Violence intrafamiliale : adaptation des règles de conduite de l’assureur protection juridique
Les assureurs protection juridique sont conscients de la problématique sociétale et sensible que représente la violence intrafamiliale. Dans ces situations, il n’y a souvent pas de témoins, ce qui revient à une question de faits, avec les difficultés de preuve qui en découle.

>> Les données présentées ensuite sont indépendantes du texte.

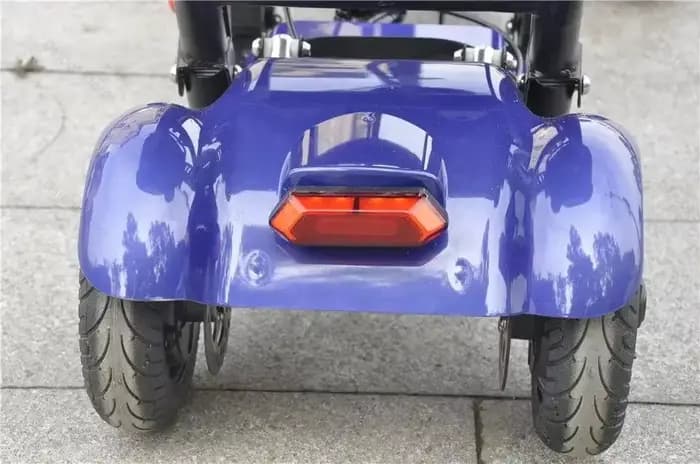 Scooter électrique pliable portatif de 10 pouces pour personnes âgées
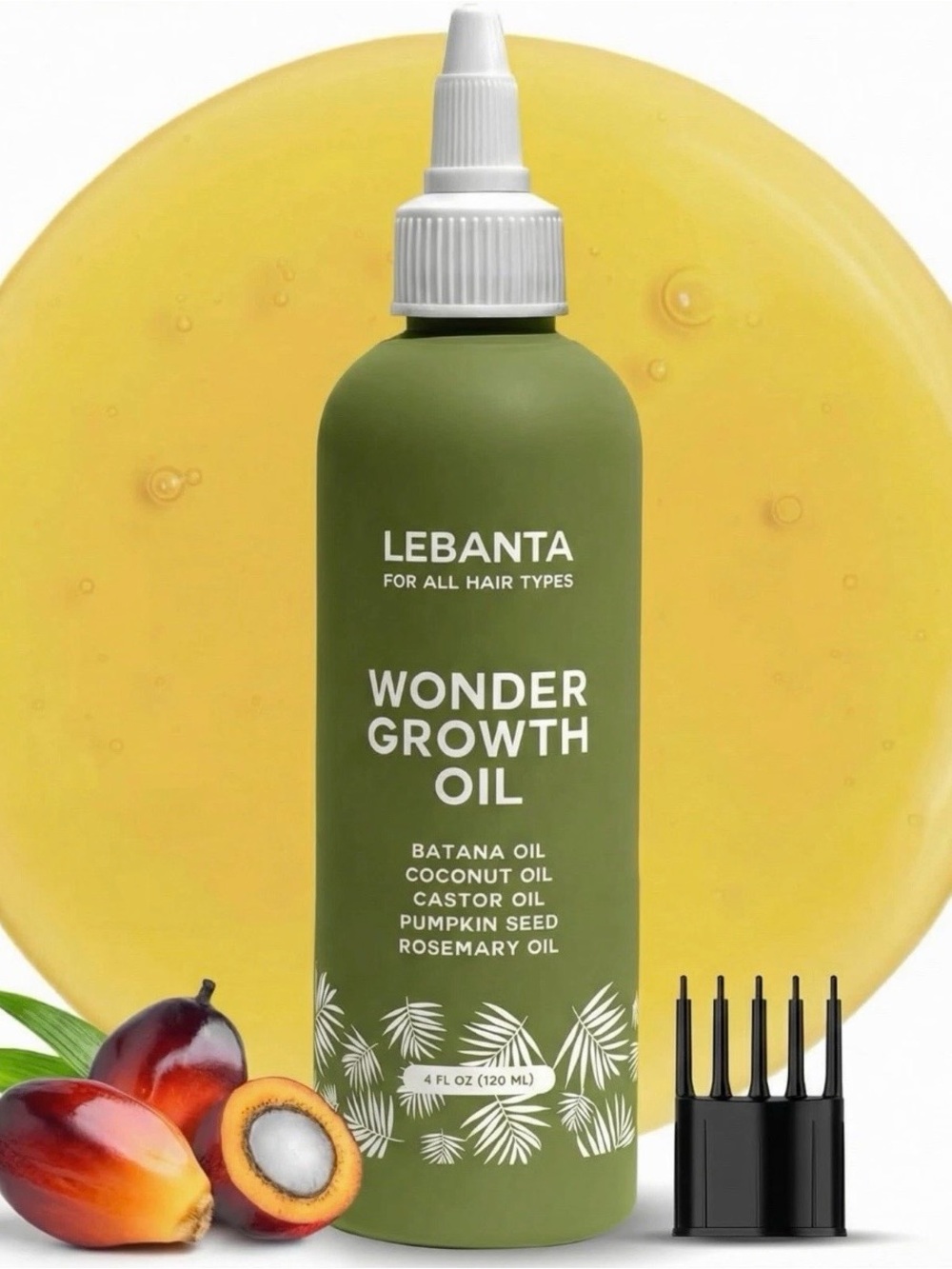 LEBANTA Wonder Growth Oil 4 fl oz ~ Stimulate Hair Growth & Nourish Hair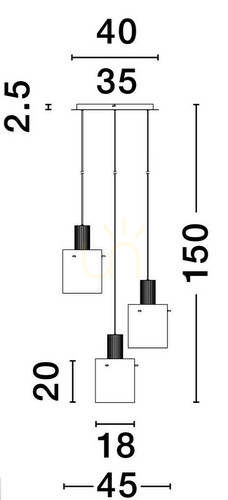 Kontrola Závěsné svítidlo ORAN Luces Exclusivas LE44244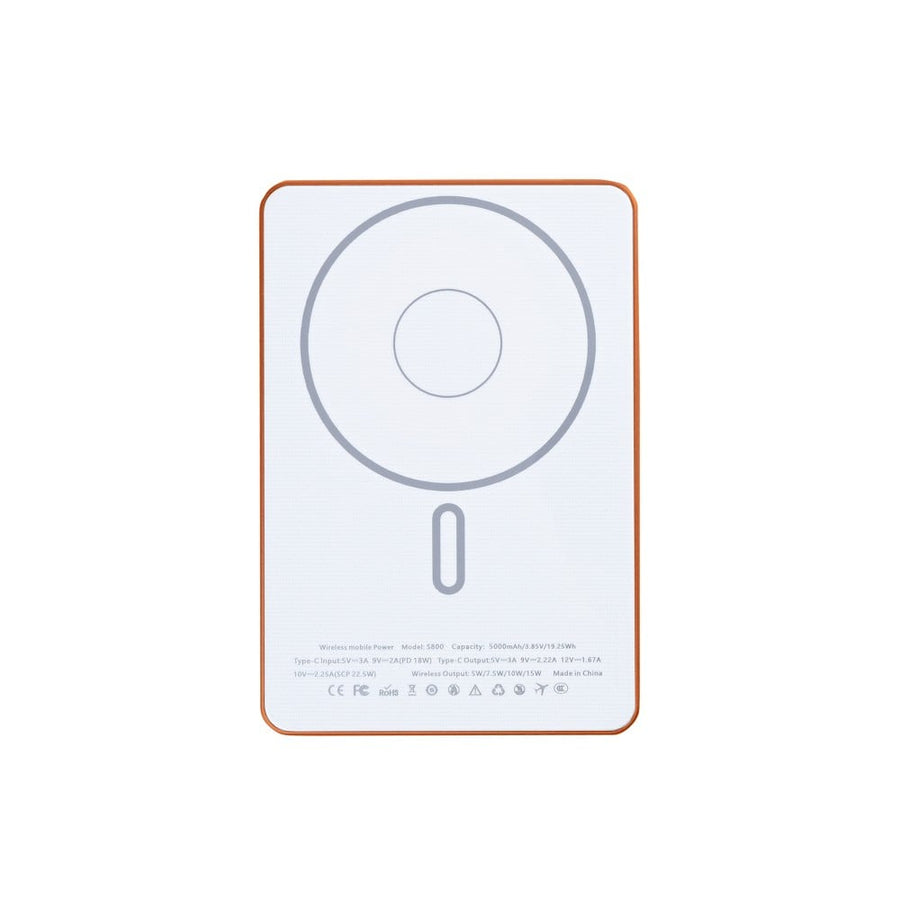 Batterie Externe Ultra-Fine Magnétique 15W 5000mAh pour Apple iPhone Séries 12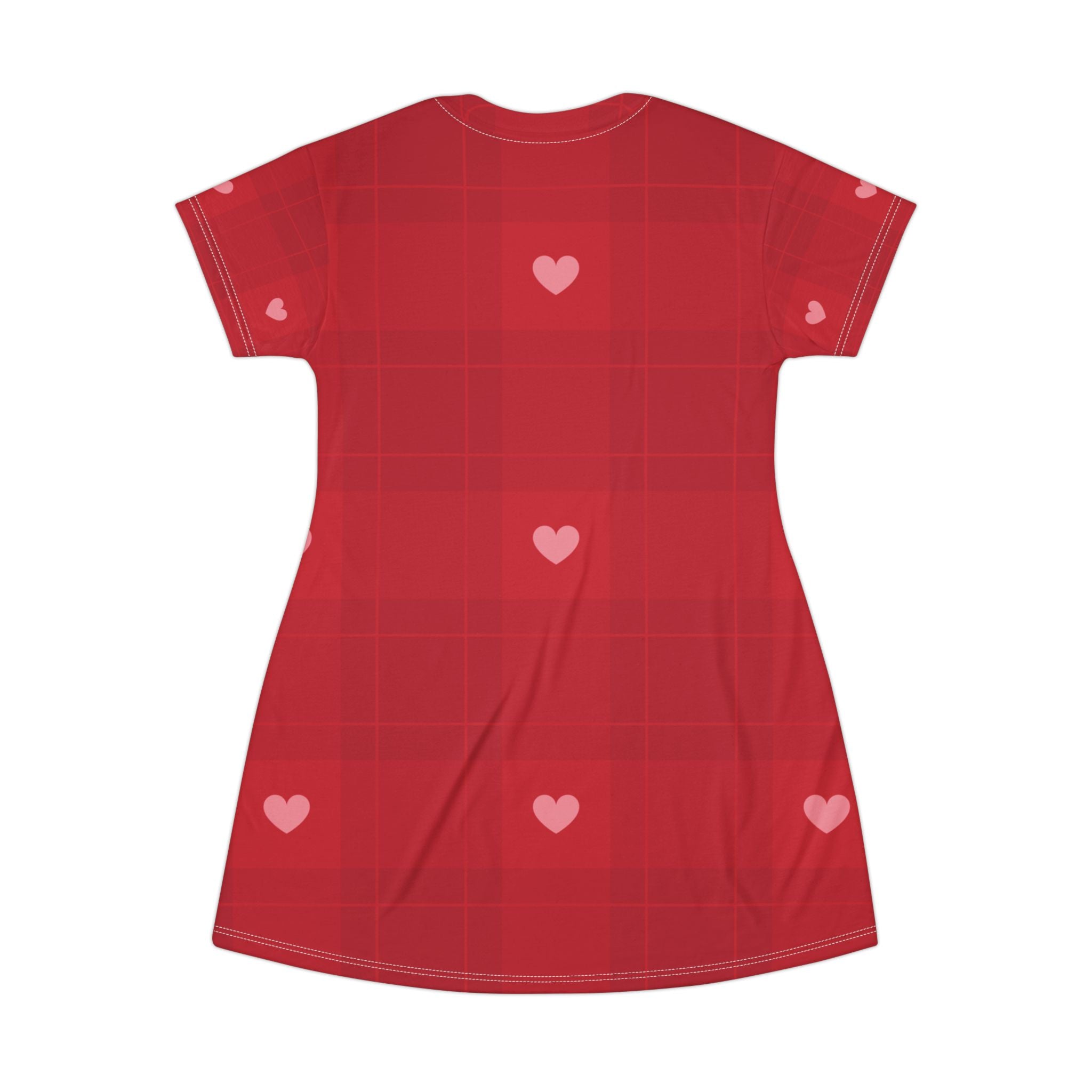 Valentine Red Heart "Love" T-Shirt Dress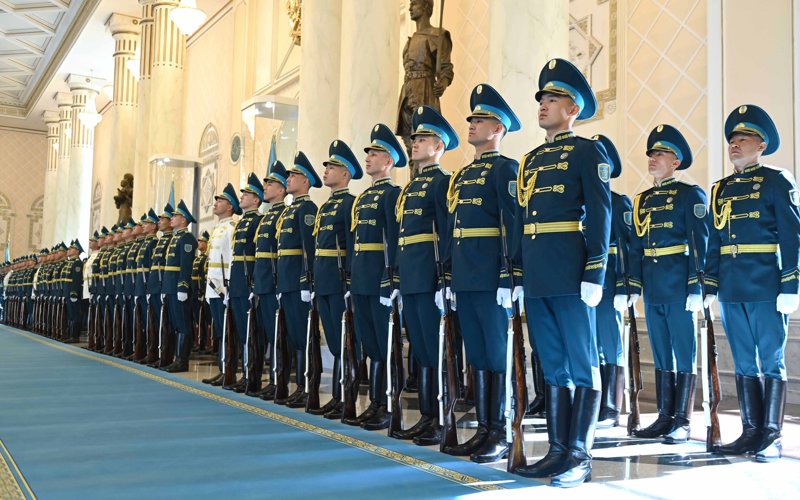 Қасым-Жомарт Тоқаев Ақордада Поль Кагамені қарсы алды Қасым-Жомарт Тоқаев Ақордада Поль Кагамені қарсы алды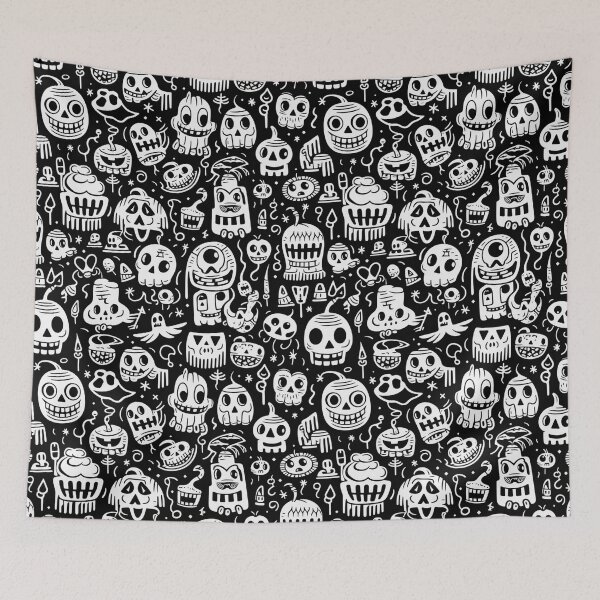 Item preview, Haunting Doodle Fun designed and sold by natthaaekf.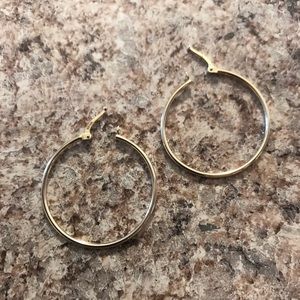 14KG Hoop Earrings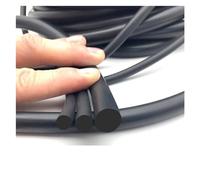 Tira de caucho de nitrilo negro sólido de 2 metros, cordón de junta tórica, junta de sellado de goma NBR, diámetro de 0,8mm-6,5mm (Tamaño : 3mm)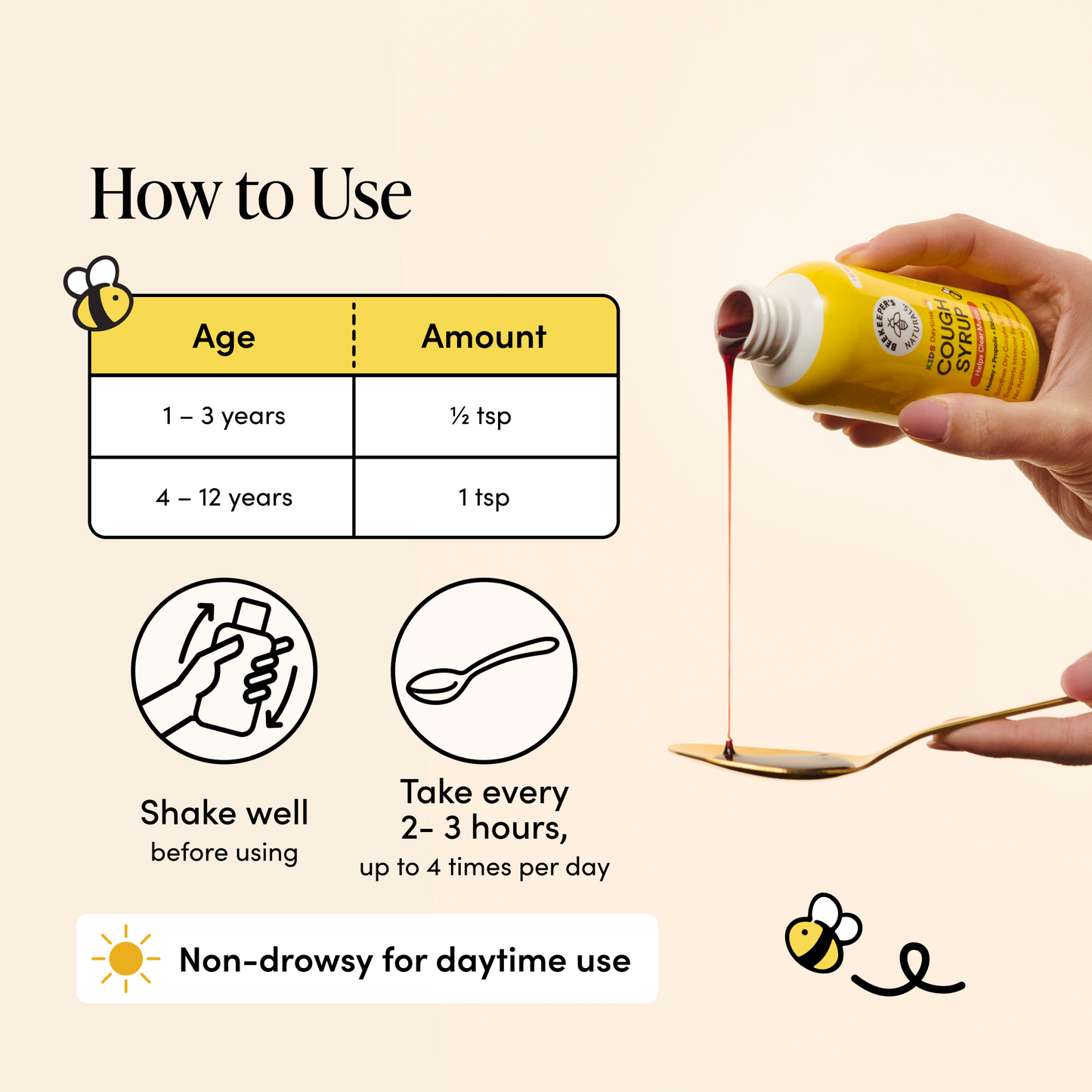 Kids Daytime Propolis Cough Syrup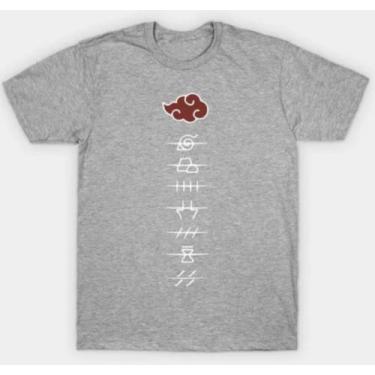 Imagem de Camiseta Masculina Naruto Akatsuki Nuvem - Camisa Anime Geek - SEMPREN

C’est la raison pour laquelle il a été décidé d’ajouter un nouvel alinéa concernant la violence intrafamiliale aux règles de conduite actuelles en matière de protection juridique.
Les assureurs protection juridique prévoient désormais une exception au principe général de refus de couverture entre assurés résidant à la même adresse (assurée).
Ils accordent une couverture à l'assuré (cf. certificat de composition du ménage) qui est victime de violences physiques (au sens du Code pénal), causées par un autre assuré, dès que l'auteur est poursuivi pénalement à l'initiative du parquet ou de la juridiction d'instruction (chambre du conseil et chambre des mises en accusation) en Belgique. Pour les victimes mineures, cette couverture est étendue à toute forme de maltraitance d'enfants.
Ils offrent une couverture aux assurés dans le cadre d'une constitution de partie civile (action en dommages et intérêts que la victime a intentée contre l'auteur et qui est exclusivement basée sur une responsabilité civile extracontractuelle) et ce, conformément aux conditions générales et particulières du contrat d'assurance concerné.
La nouvelle disposition est d'application aux cas avec poursuites pénales à partir de 2025. Outre cet engagement de base pris collectivement, chaque assureur protection juridique reste bien entendu libre de prendre d’autres initiatives éventuelles.
La version adaptée 2025 des règles de conduite de l’assureur protection juridique peut être retrouvée sur le site Web d’Assuralia.